ACTIVITY:
Could you repeat the entries below exactly, but only from the line with "2016 still rx70-35" through the line with "-THE MATCHA TOKYO抹茶东京", and without any picture?

DATA FOR REVIEW:
>>>

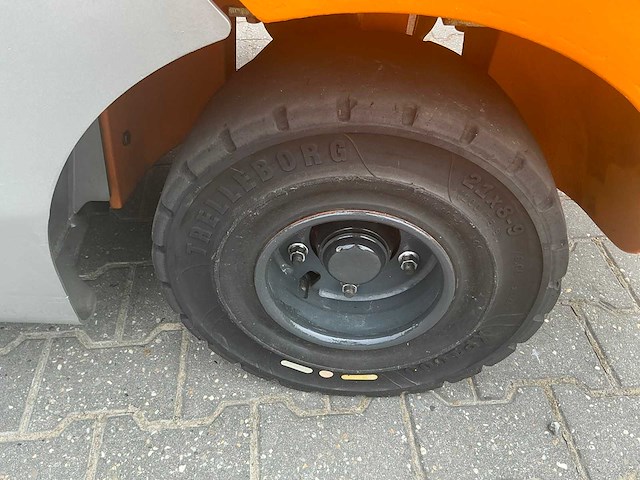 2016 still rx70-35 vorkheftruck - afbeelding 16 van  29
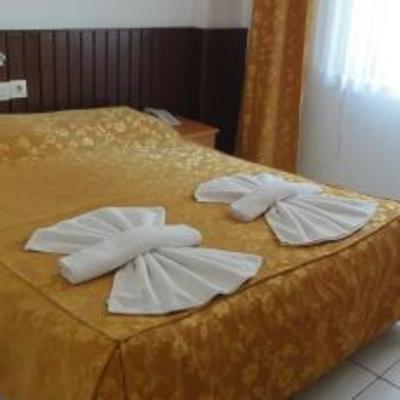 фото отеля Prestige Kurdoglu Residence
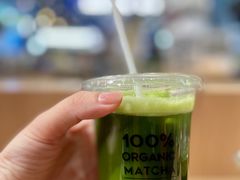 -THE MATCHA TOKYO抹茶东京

<<<
>>>

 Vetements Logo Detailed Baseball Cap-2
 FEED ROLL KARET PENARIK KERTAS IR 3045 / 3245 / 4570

<<<

SOLUTION:
 2016 still rx70-35 vorkheftruck - afbeelding 16 van  29
 фото отеля Prestige Kurdoglu Residence
 -THE MATCHA TOKYO抹茶东京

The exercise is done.